Acaba de estrenarse un documental de Robert Kennel que traza esta genealogía desvergonzada del embuste, Merchants of Doubt, basada en el libro del mismo título de Naomi Oreskes y Erik Conway. En él están los que ven antes que nadie y dan la alarma, y los que cierran los ojos más fuerte a cada nueva prueba, y los comediantes y los impostores que urden las mentiras palabreras de las “relaciones públicas” y las “estrategias de comunicación”, y los grandes halcones del dinero que dominan el mundo y no tienen límite en su codicia destructiva. La compañía petrolífera Exxon Mobile gasta cientos de millones en pagar a charlatanes que niegan o ponen en duda el cambio climático. Pero cuando al fundirse los hielos polares se hacen factibles las prospecciones en el Ártico, el presidente de Exxon Mobile firma un acuerdo con Vladímir Putin para asegurarse el acceso a los futuros yacimientos. Un senador republicano afirma que el problema no es que los osos polares corran peligro al destruirse su hábitat: muy al contrario, el problema es que hay demasiados osos polares. Mi héroe en la película es James Hansen, el meteorólogo de la NASA que estableció antes que nadie la conexión entre el ascenso global de las temperaturas y la acumulación de CO2 en la atmósfera, y que a los setenta años todavía se deja gallardamente detener y esposar por manifestarse frente a la Casa Blanca pidiendo medidas efectivas contra el cambio climático.

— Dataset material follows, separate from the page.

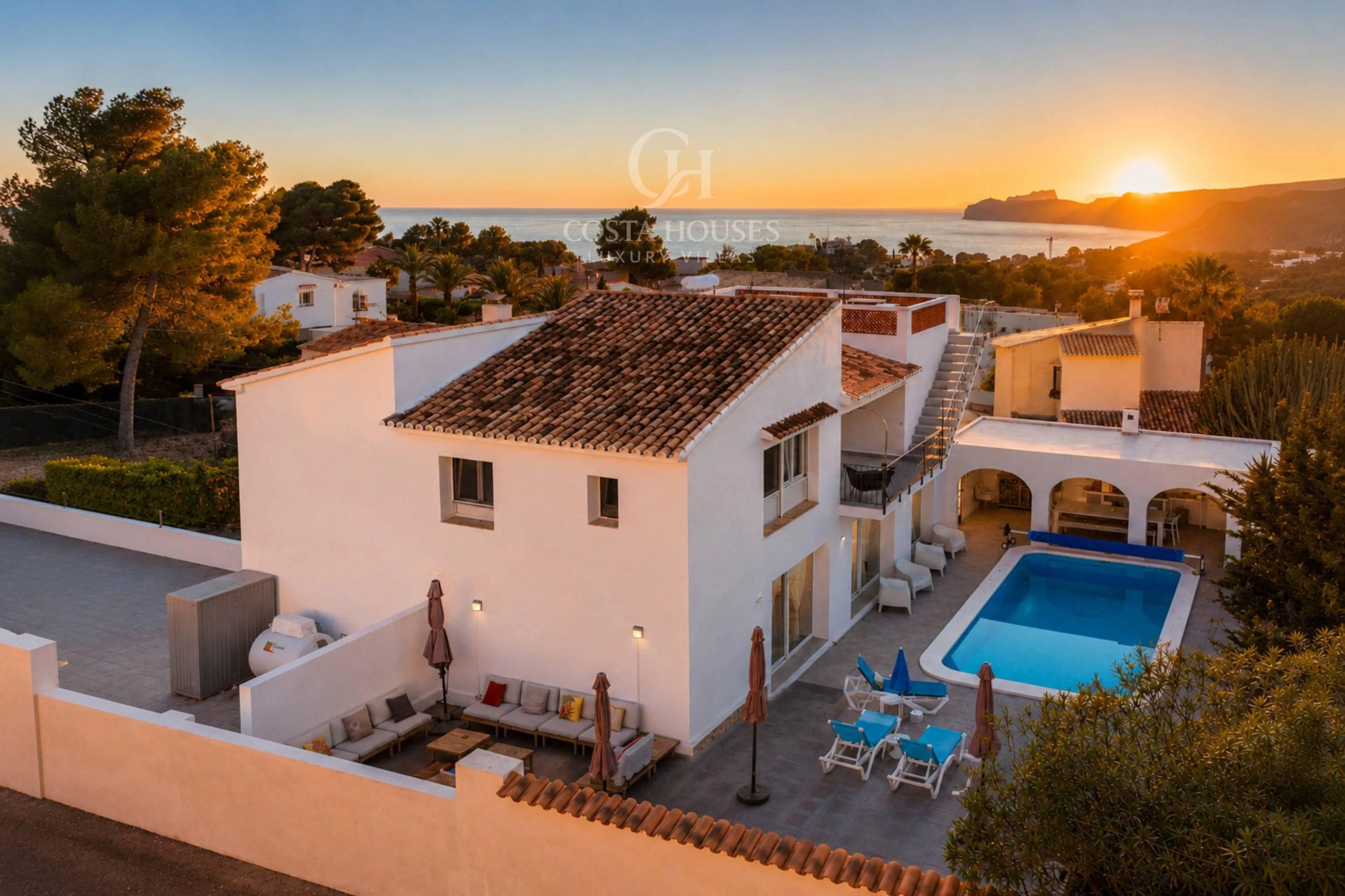 2871V_AMARA - VILLA AMARA · LUZ MEDITERRANEA Y VISTAS AL MAR EN JAVEA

Pero también es un héroe, de otra manera, ese antiguo congresista republicano, de Carolina del Sur, Bob Inglis, que, al contrario de casi todo el mundo, puso su decisión de observar la realidad por encima de sus convicciones ideológicas. Inglis estudió informes, habló con científicos, incluso viajó al Ártico en busca de datos de primera mano. Con esa dura integridad americana que a veces nos desconcierta a los mediterráneos, Bob Inglis declaró públicamente su nueva convicción, sabiendo que arruinaba su carrera política. Ya no ha vuelto a salir elegido. Se ha convertido en un traidor para sus antiguos votantes. Al que no quiere ver, nada le irrita tanto como que le señalen su ceguera.